FOR many snooker fans the highlight of the season, the World Championship, begins when the green baize beamed from the Crucible Theatre fills our TV screens as it sets up camp on BBC2.
But for many of the players, the tournament starts weeks earlier in the qualifying stage.
This is usually a low-key affair at a lower-profile venue away from the Crucible and provides players outside the seeded top 16 a shot at the World Championship (though only three qualifiers have ever gone on to win it).
This season, though, the draw for the qualifiers threw up a match that could have easily eclipsed some of those at the tournament proper — a World Championship legends match-up between Jimmy White and Stephen Hendry.
These are two greats of the game who regularly appeared at the Crucible during snooker’s golden age in the latter decades of the 20th century.
White made it to five consecutive finals between 1990 and 1994, losing to Hendry in four of them.

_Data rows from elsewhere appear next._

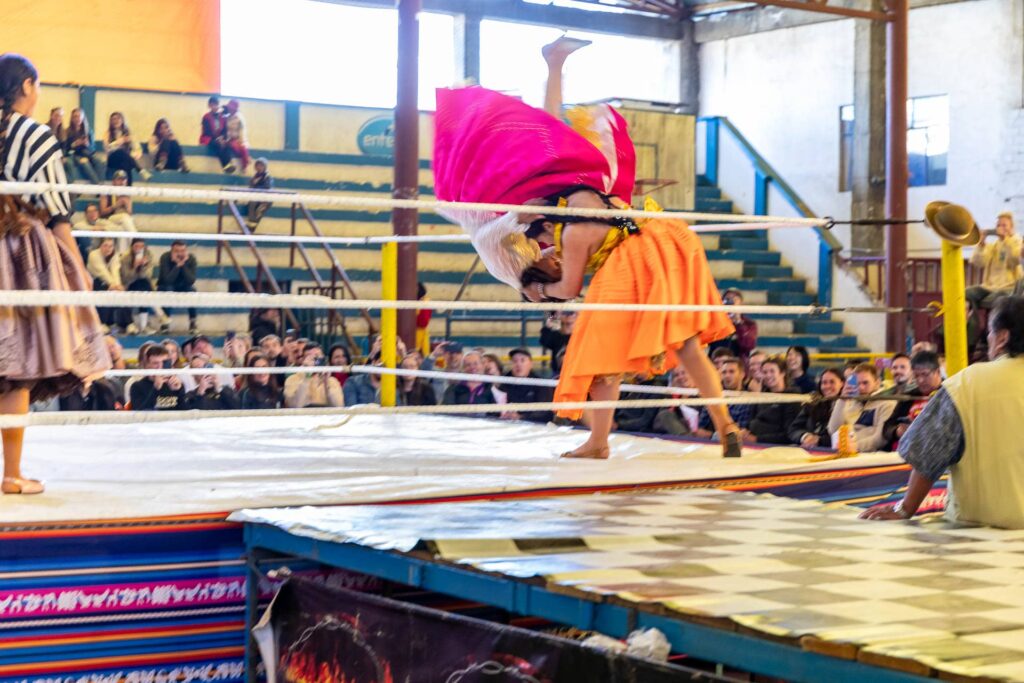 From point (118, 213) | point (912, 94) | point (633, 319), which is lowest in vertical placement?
point (633, 319)

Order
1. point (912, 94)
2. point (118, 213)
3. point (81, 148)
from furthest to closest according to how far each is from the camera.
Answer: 1. point (912, 94)
2. point (81, 148)
3. point (118, 213)

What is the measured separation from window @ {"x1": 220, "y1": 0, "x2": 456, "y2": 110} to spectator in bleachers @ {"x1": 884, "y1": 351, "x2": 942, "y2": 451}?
8039 millimetres

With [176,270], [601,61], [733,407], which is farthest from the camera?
[601,61]

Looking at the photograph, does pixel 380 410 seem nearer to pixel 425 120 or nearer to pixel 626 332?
pixel 626 332

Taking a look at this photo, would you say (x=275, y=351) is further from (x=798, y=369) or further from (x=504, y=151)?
(x=504, y=151)

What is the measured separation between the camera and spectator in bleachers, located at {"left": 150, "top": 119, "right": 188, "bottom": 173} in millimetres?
10320

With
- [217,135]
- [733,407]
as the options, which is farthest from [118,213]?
[733,407]

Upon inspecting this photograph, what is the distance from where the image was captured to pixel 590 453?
3539mm

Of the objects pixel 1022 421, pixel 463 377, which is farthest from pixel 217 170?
pixel 1022 421

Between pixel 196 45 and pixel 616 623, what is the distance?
382 inches

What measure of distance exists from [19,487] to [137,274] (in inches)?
236

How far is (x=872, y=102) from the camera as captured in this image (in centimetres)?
1280

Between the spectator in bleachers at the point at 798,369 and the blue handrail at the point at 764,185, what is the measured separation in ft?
20.4

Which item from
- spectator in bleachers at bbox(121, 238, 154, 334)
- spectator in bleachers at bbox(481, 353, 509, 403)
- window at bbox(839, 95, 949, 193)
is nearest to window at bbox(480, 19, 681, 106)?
window at bbox(839, 95, 949, 193)
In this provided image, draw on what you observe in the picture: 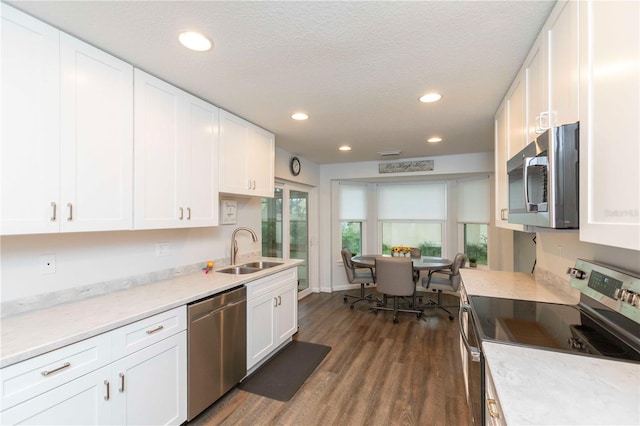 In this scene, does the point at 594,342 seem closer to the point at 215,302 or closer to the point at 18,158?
the point at 215,302

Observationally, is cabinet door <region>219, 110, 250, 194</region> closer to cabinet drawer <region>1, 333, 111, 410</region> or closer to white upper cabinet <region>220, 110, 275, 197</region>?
white upper cabinet <region>220, 110, 275, 197</region>

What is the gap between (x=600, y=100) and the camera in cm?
92

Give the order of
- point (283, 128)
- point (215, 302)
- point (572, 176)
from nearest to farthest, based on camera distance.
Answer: point (572, 176)
point (215, 302)
point (283, 128)

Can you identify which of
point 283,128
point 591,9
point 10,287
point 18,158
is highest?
point 283,128

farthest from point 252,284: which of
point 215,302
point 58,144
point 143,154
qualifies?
point 58,144

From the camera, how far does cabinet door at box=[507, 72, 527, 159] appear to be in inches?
67.5

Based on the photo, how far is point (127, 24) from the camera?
144 cm

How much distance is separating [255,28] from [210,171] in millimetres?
1295

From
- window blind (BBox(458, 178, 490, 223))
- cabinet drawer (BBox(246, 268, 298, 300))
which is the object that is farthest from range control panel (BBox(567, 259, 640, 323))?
window blind (BBox(458, 178, 490, 223))

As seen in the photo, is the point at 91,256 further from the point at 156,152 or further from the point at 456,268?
the point at 456,268

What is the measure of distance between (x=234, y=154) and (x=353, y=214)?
3397 millimetres

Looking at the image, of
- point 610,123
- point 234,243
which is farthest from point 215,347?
point 610,123

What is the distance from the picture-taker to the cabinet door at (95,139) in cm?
151

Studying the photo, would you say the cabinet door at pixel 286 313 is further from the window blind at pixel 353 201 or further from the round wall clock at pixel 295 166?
the window blind at pixel 353 201
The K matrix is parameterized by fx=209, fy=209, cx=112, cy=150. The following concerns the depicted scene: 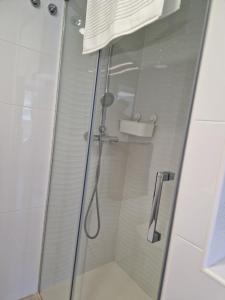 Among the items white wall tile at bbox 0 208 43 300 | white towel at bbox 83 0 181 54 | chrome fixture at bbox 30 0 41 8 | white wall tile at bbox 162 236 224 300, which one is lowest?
white wall tile at bbox 0 208 43 300

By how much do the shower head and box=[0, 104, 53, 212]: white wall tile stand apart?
367 millimetres

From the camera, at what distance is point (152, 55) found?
153 cm

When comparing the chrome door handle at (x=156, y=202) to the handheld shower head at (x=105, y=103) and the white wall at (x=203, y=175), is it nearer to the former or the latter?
the white wall at (x=203, y=175)

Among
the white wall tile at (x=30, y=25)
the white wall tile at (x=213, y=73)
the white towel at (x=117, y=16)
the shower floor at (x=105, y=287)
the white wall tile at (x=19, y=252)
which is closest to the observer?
the white wall tile at (x=213, y=73)

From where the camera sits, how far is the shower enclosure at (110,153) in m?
1.36

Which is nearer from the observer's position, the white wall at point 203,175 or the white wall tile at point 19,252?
the white wall at point 203,175

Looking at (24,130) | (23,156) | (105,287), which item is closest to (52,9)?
(24,130)

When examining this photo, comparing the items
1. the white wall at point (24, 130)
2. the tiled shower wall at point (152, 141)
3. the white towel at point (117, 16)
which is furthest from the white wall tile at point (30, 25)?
the tiled shower wall at point (152, 141)

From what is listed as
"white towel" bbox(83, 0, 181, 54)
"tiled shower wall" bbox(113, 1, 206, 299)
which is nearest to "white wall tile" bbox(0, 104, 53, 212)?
"white towel" bbox(83, 0, 181, 54)

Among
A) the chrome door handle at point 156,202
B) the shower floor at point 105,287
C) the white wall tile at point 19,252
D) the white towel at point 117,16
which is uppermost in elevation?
the white towel at point 117,16

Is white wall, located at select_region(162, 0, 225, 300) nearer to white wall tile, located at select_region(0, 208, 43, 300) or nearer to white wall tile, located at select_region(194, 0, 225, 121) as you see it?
white wall tile, located at select_region(194, 0, 225, 121)

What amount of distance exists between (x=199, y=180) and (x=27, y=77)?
44.6 inches

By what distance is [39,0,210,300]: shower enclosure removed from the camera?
1361 millimetres

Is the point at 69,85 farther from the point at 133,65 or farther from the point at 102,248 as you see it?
the point at 102,248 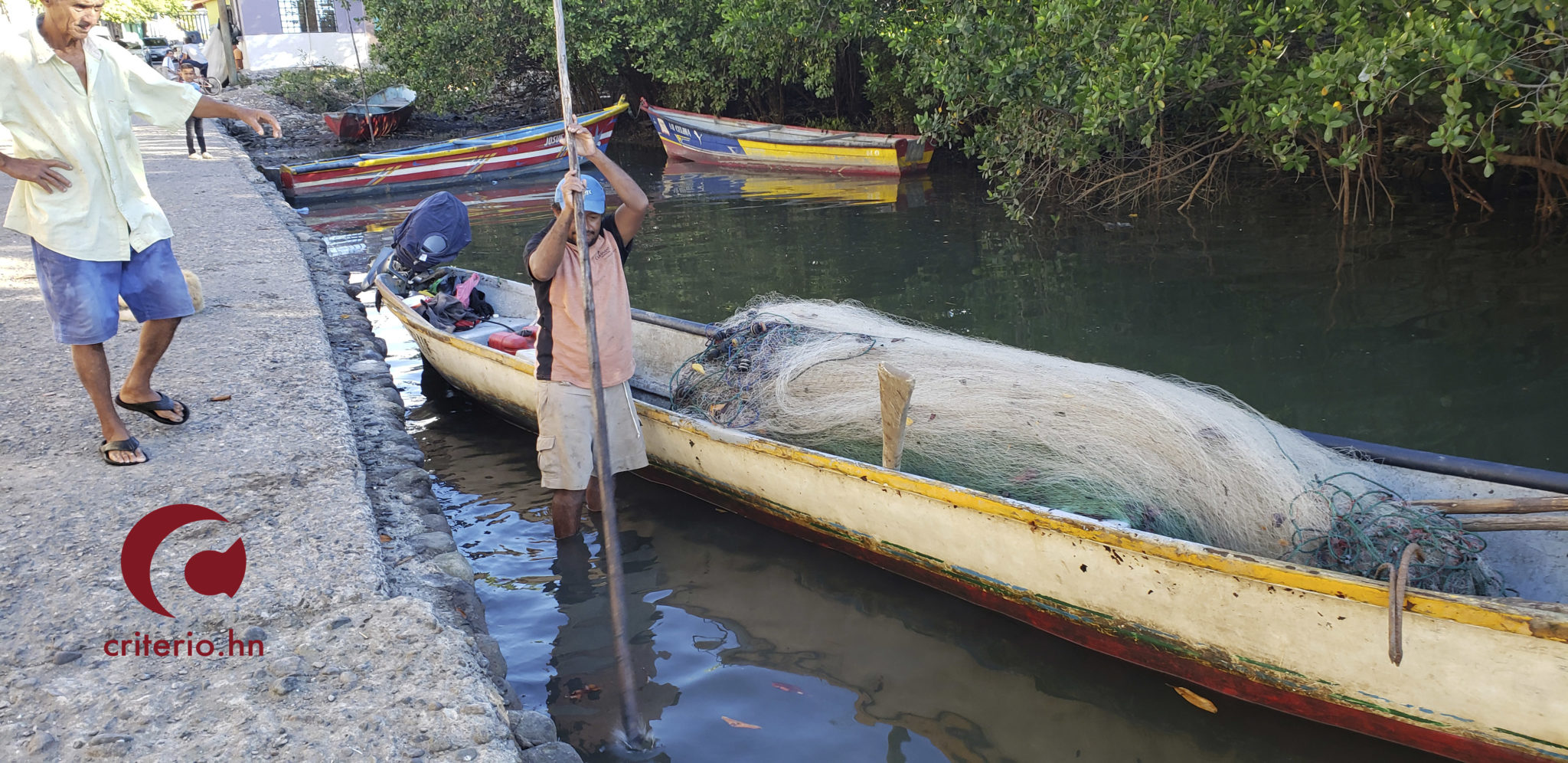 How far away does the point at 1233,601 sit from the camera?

Prior to that run, another of the game’s greats, Steve Davis, regularly halted White’s progress at various stages of the tournament in 1981, 1986 and 1987 and the 1984 final.
When White eventually defeated Davis in the semi-finals in 1990, the run of final losses against Hendry began, only interrupted by a defeat to John Parrott in 1991.
Perhaps most notable of the battles between Hendry and White was the 1992 final in which White took a 14-8 lead but eventually lost 18-14.
Hendry was in disbelief when the draw for 2021 qualifying was announced live on air during coverage of the Tour Championship last month.
The 52-year-old Scot has regularly worked as a snooker commentator and pundit since retiring in 2012 and was on duty in the ITV studios.
“No, I can’t believe that,” he said. “You’re winding me up? That’s unbelievable, unbelievable.
“All those finals we played and now we’re starting off at rock bottom playing each other in the very first round.”
White has remained on the tour since he turned professional in 1980 while Hendry only recently came out of retirement, returning to action at the Gibraltar Open last month where he lost 4-1 to Matthew Selt.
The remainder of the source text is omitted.